What struck me forcefully about last night's debate was the tenor of war. At a guess, it was the subject of about sixty percent of the questions, responses and rebuttals. Obama was the one candidate who looked forward, promising to remake America into the desirable, admirable, hopeful place it once was, in the eyes of the world. McCain said nothing like this.

I found that talks of spending and budgets and debt were overwhelmed by this warmongering, giving McCain yet another chance to mention his hard work to stop endorsed torture by the US government etc.

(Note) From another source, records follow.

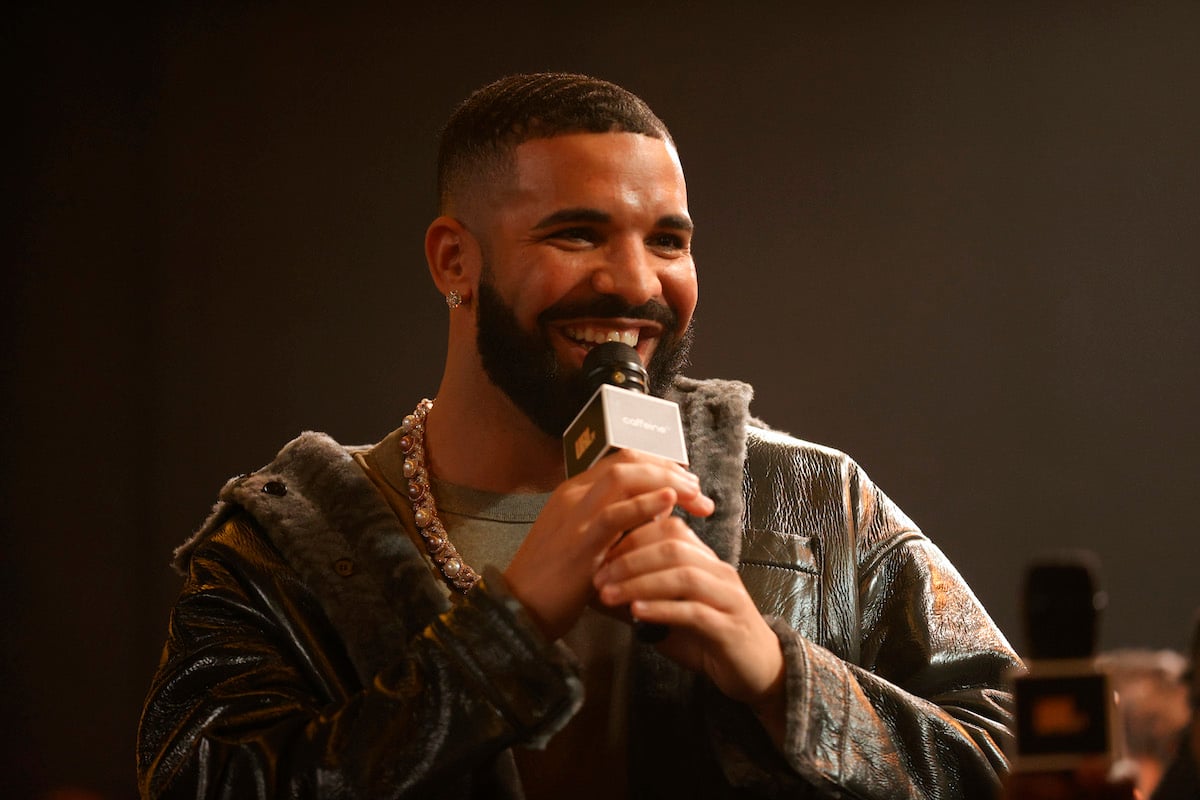 Drake speaking into a microphone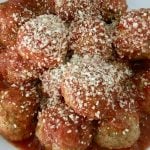 Make-Ahead Turkey Meatballs are healthy and delicious using ground turkey. These classic Italian meatballs are sure to a family favorite! #turkeymeatballs #meatballs #healthy #weeknightdinner #makeahead #partyfood #partyappetizer #parenting #kidsfood
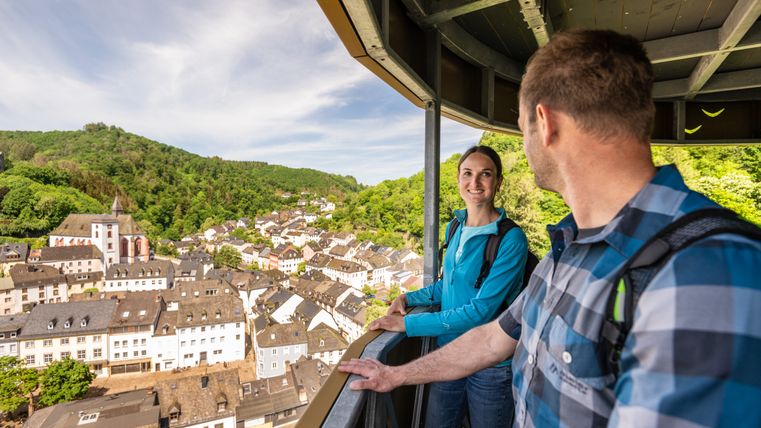 Zwei Personen auf einem Aussichtspunkt mit Blick auf eine Stadt und grüne Hügel.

I was shocked when Obama said things like, "If we find bin Laden first, we'll take him out," and "from peace keeper to peace maker."

I remember watching a presentation by playwright, Eve Ensler, on security and insecurity, and just watched it again this morning. She tells wisely that "security" is elusive, impossible. Striving for it makes you spend your days protecting yourself; ideas become shorter, more polar, good/bad, christian/muslim. You identify yourself in an "us" to avoid being part of a "them."

Real security is a desire for connection, not for power. It's not just a tolerance for mystery, but hunger for it.